Disasters and unplanned downtime can strike at any time, costing businesses peace of mind, productivity, and revenue. But when we speak to organizations about how they can protect themselves, they often think about other issues that plague their IT strategy like skill set shortages or hardware gaps in their infrastructure.

It’s easy to become overwhelmed by the numerous aspects of managing IT and IBM i. Everything from applications to infrastructure, backlogs, and new business demands – IT has a lot going on. Most groups fall short or find rudimentary ways to solve High Availability/Disaster Recovery challenges – until it no longer works, or worse. That’s where we come in. We work with customers to create the ideal HA/DR plan for them with the flexibility to scale when it matters most.
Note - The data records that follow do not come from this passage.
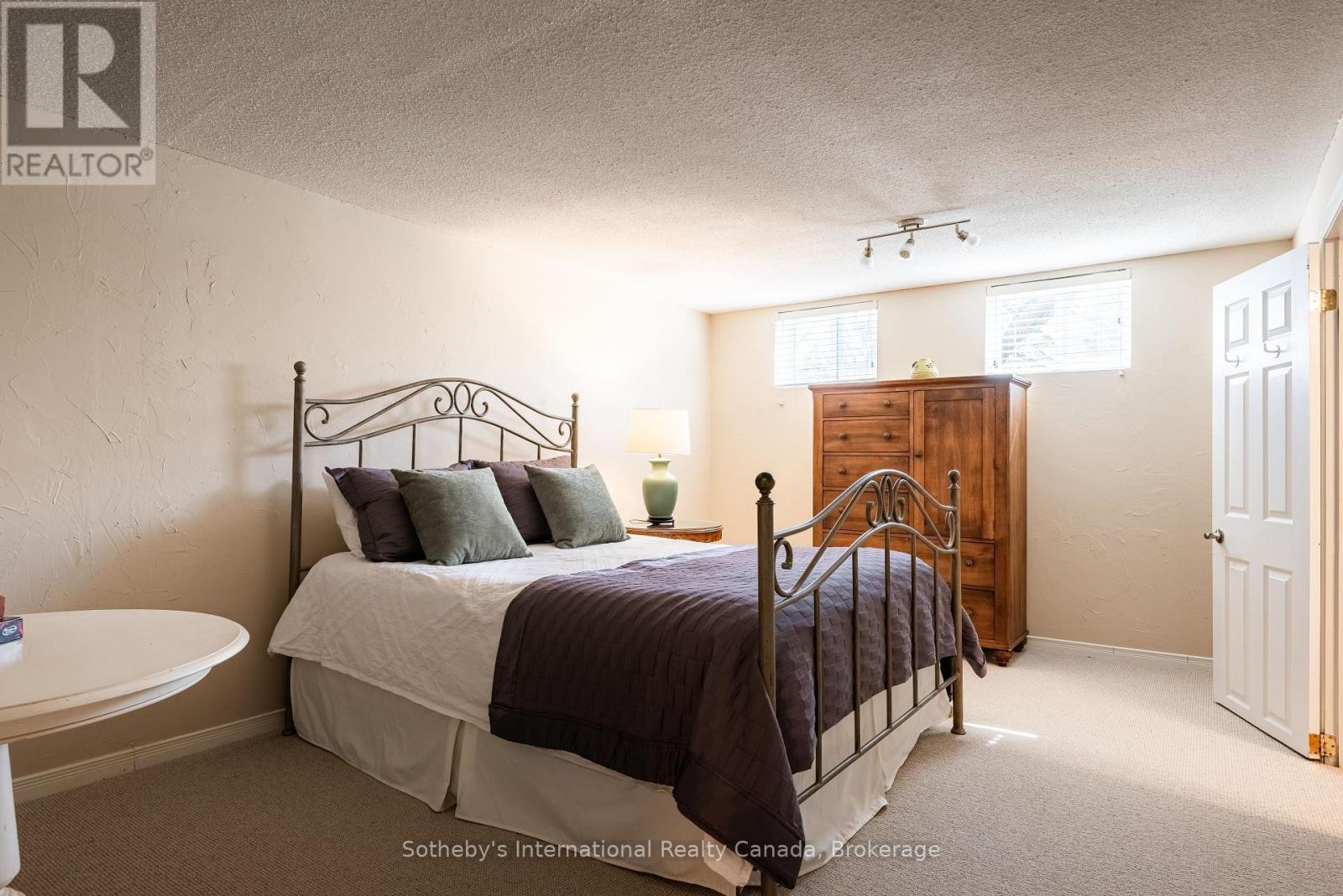 4151 Spruce Avenue, Burlington, Ontario  L7L 1K8 - Photo 29 - W13028472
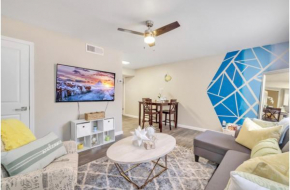 Cozy Suite w Pool and Free Parking At Phoenix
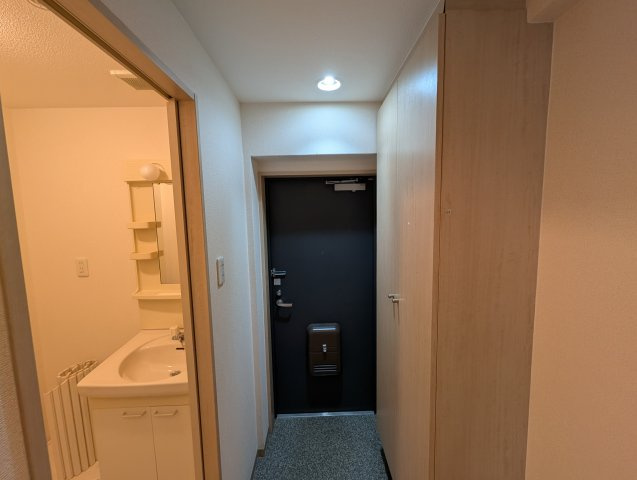 レフィナード西台の玄関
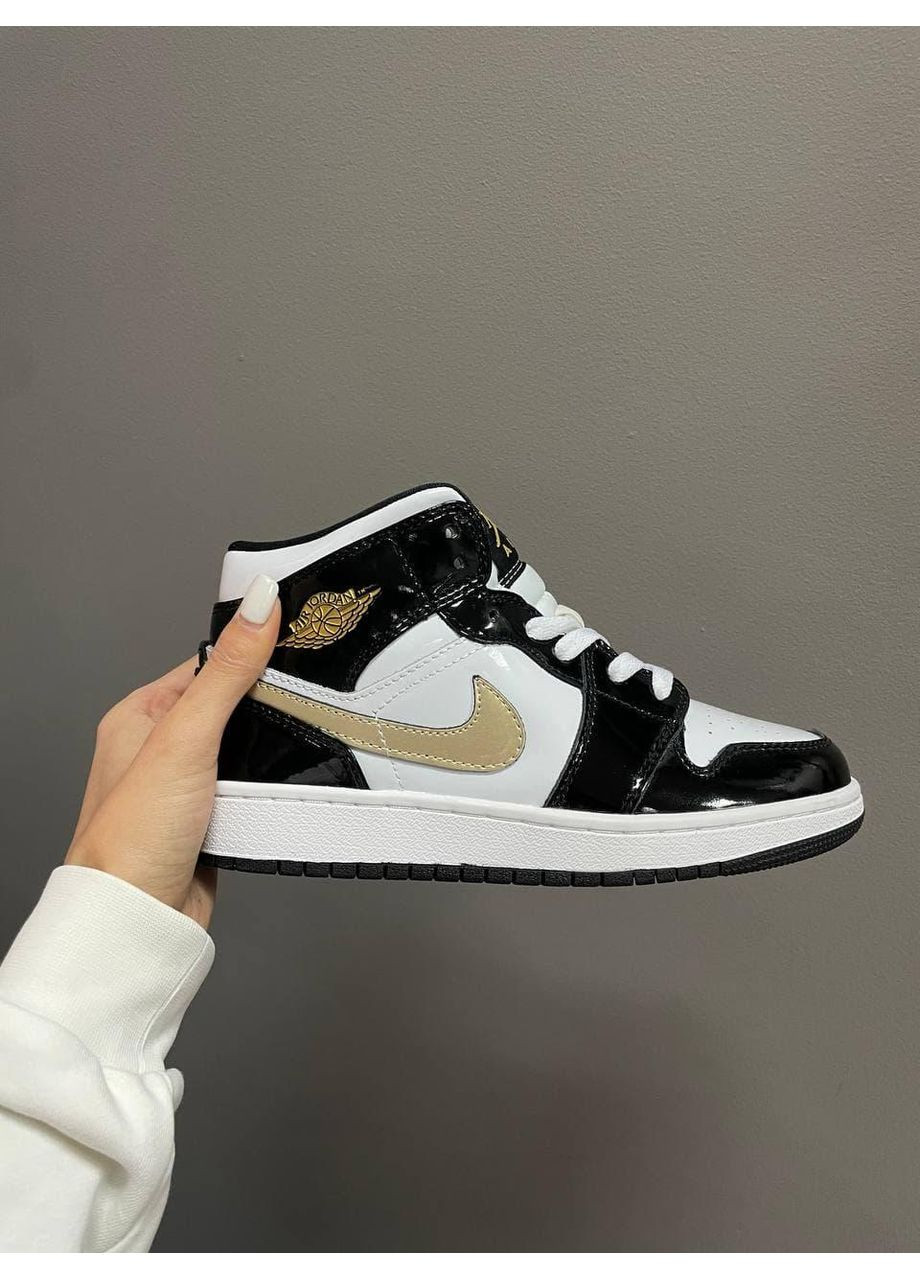 Черные демисезонные кроссовки мужские nike air jordan 1 retro mis black white gold найк аир джордан No Brand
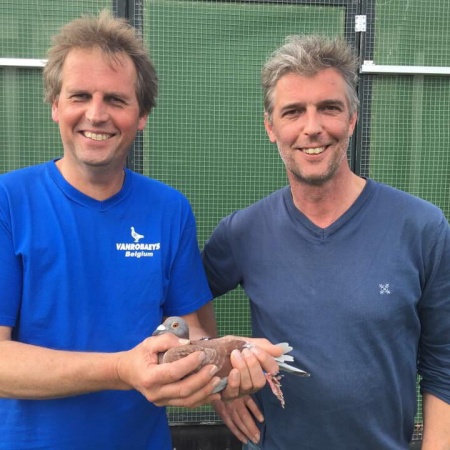Desbuquois Michel & Didier winnen de 1e Nationaal Libourne van 3743 duiven (761 km)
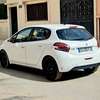 Peugeot 208 thumb 2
As you prepare your HA/DR strategy for 2022, you will want to base your plan on these key points:

  • Risk tolerance
  • Recovery requirements
  • Understanding the difference between various HA/DR strategies to know which will work best for your needs
Recovery Point Objective vs Recovery Time Objective

Understanding the difference between RPO and RTO is necessary to determine your company’s risk tolerance and recovery requirements.

  1. Recovery Point Objective, or RPO, is how much data your company is willing to have exposed or be at risk.
  2. Recovery Time Objective, or RTO, is how much downtime your company is willing to endure.
recovery event graph

So, an RPO of seven days means that the business has decided that they can survive with losing as much as a week’s worth of data, plus the time needed to rebuild the system (the RTO).
Seven days doesn’t seem like such a short amount of time anymore, does it?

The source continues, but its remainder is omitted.